Cancelada licitação para berços portuários no Espírito Santo

Contratos da Petrobras para base de apoio serviriam a três berços em terminais capixabas

Gazeta Online

Mergulhada numa crise histórica de imagem e caixa, a Petrobras rompeu a promessa feita a políticos e empresários capixabas em novembro passado e cancelou a licitação que faria, no próximo dia 26, para contratar os serviços de apoio a plataformas marítimas de três berços em terminais portuários situados no Espírito Santo. 

A informação circulou ontem entre fontes do poder público capixaba e do setor privado interessado - e já preparado - para oferecer propostas no edital voltado ao atendimento às demandas da cadeia de petróleo e gás. No entanto, não há conformações oficiais. A assessoria da Petrobras foi procurada após as 21h de ontem, assim que a informação chegou à reportagem, mas, devido ao horário avançado, não conseguiu retornar. Procurado, o governo do Estado não se manifestou. 

O processo licitatório, várias vezes postergado, é capital para sustentar a instalação e a viabilidade operacional de dois terminais offshore no Sul do Estado: o C-Port e o Terminal Itaoca Offshore. Além disso, daria volume contratual para o futuro Porto Central, em Presidente Kennedy. 

Confirmada a desistência da licitação que firmaria os contratos, os investimentos C-Port e Itaoca Offshore serão fortemente abalados, sem o alicerce central de uma cliente do mercado de petróleo, já que são especializados em atividades no mar. O Porto Central ainda sofreria menos impacto, aliviado por seu conceito estrutural de porto-indústria, com retroárea e atividades complementares para movimentar outras cargas. 

“Se existe, o cancelamento da licitação não nos chegou oficialmente, mas a conversa existe no ar. Estamos preparando nossa proposta para o edital, quando agora chega essa notícia”, admitiu, ontem à noite, um executivo que projeta um dos empreendimentos portuários. 

O cronograma fixou o dia 26 para abrir propostas de empresas interessadas em participar do leilão. Evidenciando a quebra de confiança quanto ao certame, empreendedores interessados nessa futura demanda da Petrobras avisaram autoridades locais da desistência da estatal em tocar a licitação. 
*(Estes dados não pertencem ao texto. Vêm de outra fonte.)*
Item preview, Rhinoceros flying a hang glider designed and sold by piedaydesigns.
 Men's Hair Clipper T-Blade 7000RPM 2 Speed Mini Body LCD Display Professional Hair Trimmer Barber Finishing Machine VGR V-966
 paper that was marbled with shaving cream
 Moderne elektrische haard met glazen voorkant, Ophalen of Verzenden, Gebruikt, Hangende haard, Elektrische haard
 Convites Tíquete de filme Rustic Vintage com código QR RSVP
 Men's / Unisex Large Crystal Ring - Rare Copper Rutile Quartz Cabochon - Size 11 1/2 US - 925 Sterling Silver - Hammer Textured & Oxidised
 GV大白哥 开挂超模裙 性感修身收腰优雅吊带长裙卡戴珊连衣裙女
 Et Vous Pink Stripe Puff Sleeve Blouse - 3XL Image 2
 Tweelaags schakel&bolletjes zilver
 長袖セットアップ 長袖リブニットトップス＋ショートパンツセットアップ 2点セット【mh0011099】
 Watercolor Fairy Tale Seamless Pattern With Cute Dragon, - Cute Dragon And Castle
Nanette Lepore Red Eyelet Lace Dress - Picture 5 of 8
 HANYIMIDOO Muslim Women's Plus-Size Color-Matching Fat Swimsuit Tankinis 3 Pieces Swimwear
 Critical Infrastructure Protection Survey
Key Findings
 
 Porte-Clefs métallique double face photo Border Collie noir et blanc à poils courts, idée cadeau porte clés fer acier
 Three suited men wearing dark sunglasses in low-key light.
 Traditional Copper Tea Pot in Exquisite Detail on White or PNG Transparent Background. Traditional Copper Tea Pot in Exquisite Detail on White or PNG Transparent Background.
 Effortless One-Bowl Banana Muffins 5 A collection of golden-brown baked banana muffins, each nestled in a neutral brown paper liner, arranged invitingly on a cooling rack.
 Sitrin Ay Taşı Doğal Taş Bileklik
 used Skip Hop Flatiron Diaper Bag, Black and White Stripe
Desde 2014 teme-se o atraso ou cancelamento da licitação – já prometida para janeiro, março e junho - para contratar as três bases portuárias e atender as atividades do centro de massa (ponto de referência) do Sul capixaba. O edital foi jogado para este ano para o Estado não sair perdendo após a concorrência de contratação de seis berços de apoio às plataformas petrolíferas na bacia de Campos. 

As regras previam acréscimo no preço de propostas de cidades distantes do Rio, a título de custos operacionais. Lideranças locais conseguiram o edital específico como garantia de competitividade aos investidores e projetos capixabas junto aos planos da estatal. E o prometido polo gás-químico de Linhares subiu no telhado: deixou de ser prioridade da Petrobras.